Problem to solve:
Find the line with "Remedios naturales para la hemorragia nasal" in the entries below. Repeat it, every following line, and the line with "Shocking Before And", exactly and with nothing added.

Data for this exercise:
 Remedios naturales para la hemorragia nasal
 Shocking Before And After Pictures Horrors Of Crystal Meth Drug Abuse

---

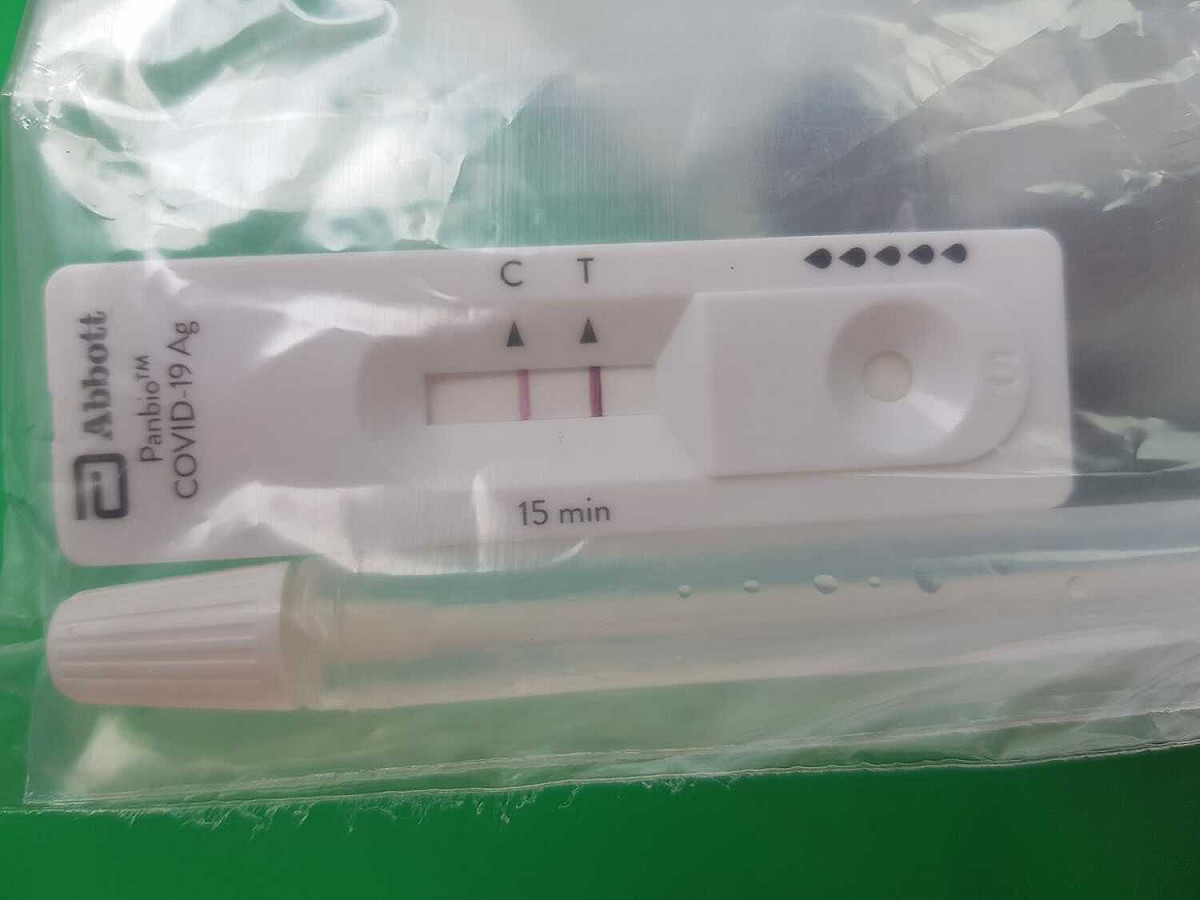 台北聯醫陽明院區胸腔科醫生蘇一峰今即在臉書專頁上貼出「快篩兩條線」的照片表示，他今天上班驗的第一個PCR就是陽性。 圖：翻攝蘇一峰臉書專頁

Task answer:
 Remedios naturales para la hemorragia nasal
 Shocking Before And After Pictures Horrors Of Crystal Meth Drug Abuse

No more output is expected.